The nurse is caring for a client who has been admitted to the hospital with abdominal pain and is suspected to have appendicitis. What data obtained is considered objective data?
- A. Bowel sounds hypoactive in the right lower quadrant
- B. Complaints of pain when right lower quadrant palpated
- C. Client states that the pain began 3 hours ago
- D. Client states feeling nauseated.
Correct Answer: A
Rationale: Objective data are facts obtained through observation, physical examination, and diagnostic testing. When assessing blood pressure or heart rate, or examining results from urinalysis, the nurse is obtaining objective data. The other answers are examples of subjective data.
The nurse is having difficulty with the working phase of the interview process with a client who is not maintaining eye contact or responding openly to questions that are being asked.

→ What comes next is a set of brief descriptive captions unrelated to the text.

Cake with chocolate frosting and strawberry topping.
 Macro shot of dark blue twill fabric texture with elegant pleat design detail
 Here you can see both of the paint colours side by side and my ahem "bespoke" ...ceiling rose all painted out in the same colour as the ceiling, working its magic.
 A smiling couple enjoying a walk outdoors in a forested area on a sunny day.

What question can the nurse ask that could require more discussion?
- A. Are you married?'
- B. Can you tell me more about what brought you to the hospital?'
- C. How many children do you have?'
- D. Do you work outside of the home?'
Correct Answer: B
Rationale: Questions are best phrased as open-ended questions that require discussion. 'Can you tell me more about what brought you to the hospital?' requires more than just a yes or no answer. The other answers are closed-ended questions and only require a yes or no response.
The nurse has closed the interview with a client and observes that the client appears to have something else to say. What statement made by the nurse can provide an opportunity for the client to express concerns and ask questions?
- A. Use your call bell if you need anything.'
- B. I don't know what else I could tell you, this about covers all of it.'
- C. Well that is all I have for you. Let me know if you need anything.'
- D. Do you have any questions or concerns that we have not discussed?'
Correct Answer: D
Rationale: Asking if the client needs more information provides an opportunity for the client to express concerns and ask questions. Instructions about the call bell do not allow the client to ask questions. 'I don't know what else I could tell you' inhibits the client from asking the nurse anything further as well as 'Well that is all I have for you.'
Which of the following are statements clients make about how they feel?
- A. Objective data
- B. Cultural data
- C. Cognitive data
- D. Subjective data
Correct Answer: D
Rationale: Subjective data include statements clients make about what they feel. Objective data are facts obtained through observation, physical examination, and diagnostic testing. Cultural data include cultural background and health beliefs.